▶ [Instructions to follow]
Keep the text of the data exactly as it is and omit each picture from the copy.
[Extracted information]
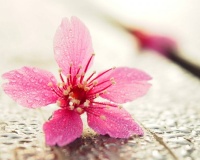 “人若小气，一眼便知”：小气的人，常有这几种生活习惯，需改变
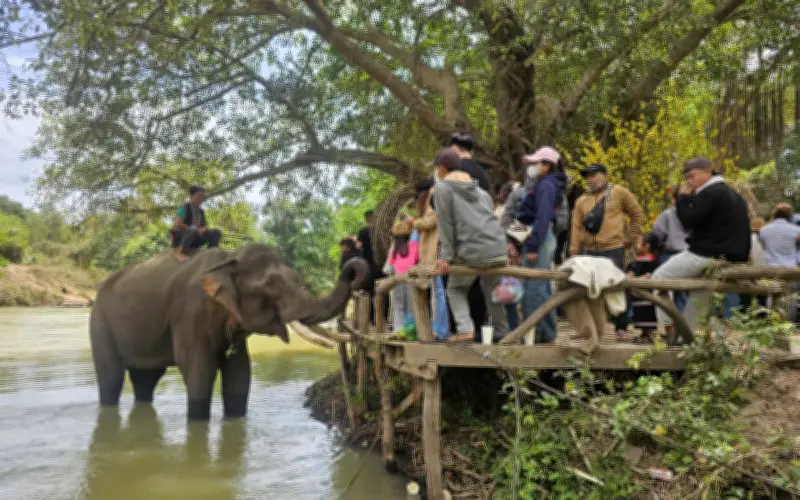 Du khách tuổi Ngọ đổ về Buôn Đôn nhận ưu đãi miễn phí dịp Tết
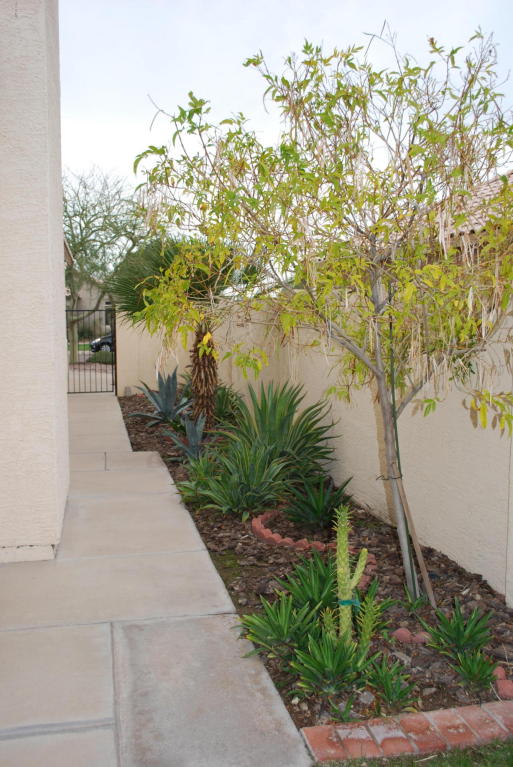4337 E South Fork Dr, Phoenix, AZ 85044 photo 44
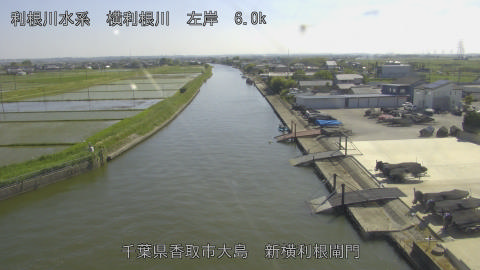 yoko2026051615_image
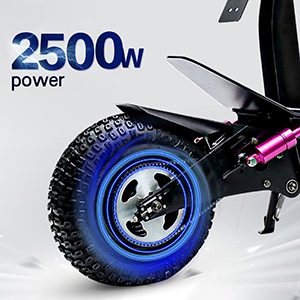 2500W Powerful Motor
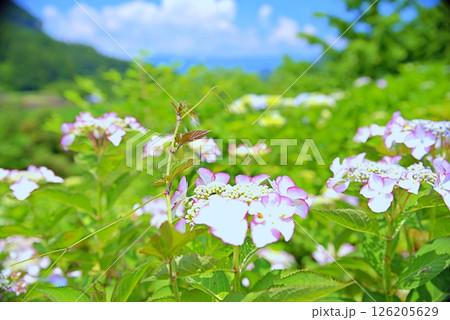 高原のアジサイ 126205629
[/Extracted information]
▶ [Answer box]
 “人若小气，一眼便知”：小气的人，常有这几种生活习惯，需改变
 Du khách tuổi Ngọ đổ về Buôn Đôn nhận ưu đãi miễn phí dịp Tết
4337 E South Fork Dr, Phoenix, AZ 85044 photo 44
 yoko2026051615_image
 2500W Powerful Motor
 高原のアジサイ 126205629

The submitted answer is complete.